I have had a few ppl (one on another forum on these boards, among others I know/work with) that say Dominions is not a very deep game. The problem I keep hearing about, is that there is no city-building. Sure, you can build a fortress....a temple....and a lab. But there is nothing else. No buildings to build to enhance resources/gold collected. No buildings to really affect what units you can buy (although, the lab lets you recruit mages, temples allow you to recruit preists/sacreds, and fortresses usually allow you to recruit your national troops).

To me, the depth lies in the game once you "get" it. Once you have started to play, the game opens up, layer upon layer.

But, that is not the answer that these guys are looking for. I have been told that the game is complex to hide the dumbing down of the gold/resource model. The "economic model", if you will. Sure, there isn't a grand economic model in the game....but, there are resources for heavy troops, gold for elite troops, and holiness for sacred troops....along with all the units in the game. Fortresses (as in, where to place them), the combat engine, dominion spread, magic, ect ect ect ect....

But, all of that is made null and void to them when they simply say, "The amount of units do not add depth, just complexity, to cover up the dumbed-down economic model, the mediocre and crude combat engine, and the lack of 'city buildings'."

So, how would you guys answer these criticisms? Personally, I don't think they are "getting it". But, these are guys that no wargaming and strategy 4X games like the back of their hands....Perhaps Dom3 just isn't the butter to their bread....but at the same time, to pull the game down to "dumbed-down" is a stretch also.
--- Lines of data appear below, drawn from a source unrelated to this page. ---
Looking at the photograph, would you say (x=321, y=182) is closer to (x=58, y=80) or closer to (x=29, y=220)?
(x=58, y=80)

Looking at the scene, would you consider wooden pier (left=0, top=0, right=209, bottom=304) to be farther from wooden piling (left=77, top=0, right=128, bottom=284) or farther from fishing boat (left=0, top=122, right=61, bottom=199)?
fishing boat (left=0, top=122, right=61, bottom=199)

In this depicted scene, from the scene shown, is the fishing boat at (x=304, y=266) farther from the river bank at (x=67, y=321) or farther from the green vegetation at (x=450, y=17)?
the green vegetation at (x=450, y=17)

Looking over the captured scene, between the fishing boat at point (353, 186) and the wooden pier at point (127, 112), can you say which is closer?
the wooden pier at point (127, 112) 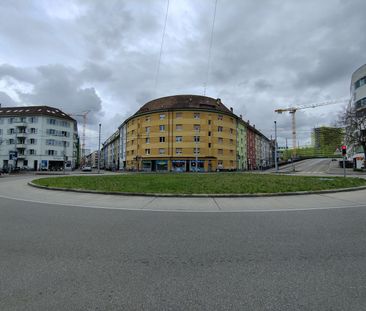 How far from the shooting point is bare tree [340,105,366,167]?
35728 millimetres

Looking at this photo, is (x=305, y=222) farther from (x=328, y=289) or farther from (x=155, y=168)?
(x=155, y=168)

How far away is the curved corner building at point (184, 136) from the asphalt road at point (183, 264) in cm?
4433

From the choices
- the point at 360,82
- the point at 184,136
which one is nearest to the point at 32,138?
the point at 184,136

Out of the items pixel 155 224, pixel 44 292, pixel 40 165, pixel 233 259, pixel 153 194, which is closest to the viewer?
pixel 44 292

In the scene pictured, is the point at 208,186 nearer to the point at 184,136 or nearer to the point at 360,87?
the point at 184,136

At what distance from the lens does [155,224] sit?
6.09 m

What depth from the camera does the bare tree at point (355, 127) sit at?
35.7 metres

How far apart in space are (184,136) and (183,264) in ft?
168

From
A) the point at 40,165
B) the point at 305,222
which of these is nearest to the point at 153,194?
Result: the point at 305,222

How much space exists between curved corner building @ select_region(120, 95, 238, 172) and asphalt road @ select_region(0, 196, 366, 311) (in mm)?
44331

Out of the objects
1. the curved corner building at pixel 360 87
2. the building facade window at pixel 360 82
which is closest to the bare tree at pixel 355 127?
the curved corner building at pixel 360 87

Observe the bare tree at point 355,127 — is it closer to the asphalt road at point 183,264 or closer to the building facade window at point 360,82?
the building facade window at point 360,82

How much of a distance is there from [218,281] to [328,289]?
4.40ft

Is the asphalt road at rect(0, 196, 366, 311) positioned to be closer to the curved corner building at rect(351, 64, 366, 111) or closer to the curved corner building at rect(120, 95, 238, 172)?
the curved corner building at rect(120, 95, 238, 172) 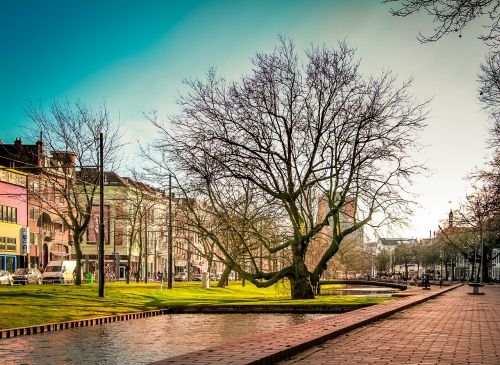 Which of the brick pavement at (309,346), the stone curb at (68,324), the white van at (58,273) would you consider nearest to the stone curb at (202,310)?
the stone curb at (68,324)

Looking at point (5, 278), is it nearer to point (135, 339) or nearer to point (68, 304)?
point (68, 304)

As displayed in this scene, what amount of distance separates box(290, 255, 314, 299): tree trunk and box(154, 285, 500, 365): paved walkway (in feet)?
63.8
There is incredible depth here....the amount of units allows for so many varied (random) strategies from game to game. Throw in the map terrains, the grand strategy, the warfare planning, each nation's uniqueness....not to mention the magic system....there is just so much in the game. I think that if there was a highly involved economic system placed in the game, the game would crumble. Imagine trying to balance steel, gold, food, population caps, wood, silver, iron, coal, and whatever other name for a resource in a Civ game (or an rts for that matter).

To me, this game is beyond Civ. This game has so much more to offer. Sure, in Civ, you can build a ton of buildings to allow you to recruit specialized troops, or buildings to allow you to take advantage of a specific resource, or to add more gold to you coffers. But that is just it....you build the same exact buildings in nearly every city (granted, Stardocks GalCiv2 fixes this somewhat). In Civ, you do not have the unit spread that Dom3 (or, heck, any of the Dom games) have. But, the amount of units in Dominions is just to "cover up" the lack of economics in the game.

So, how would you guys answer the critisism that I keep hearing in personal discussions?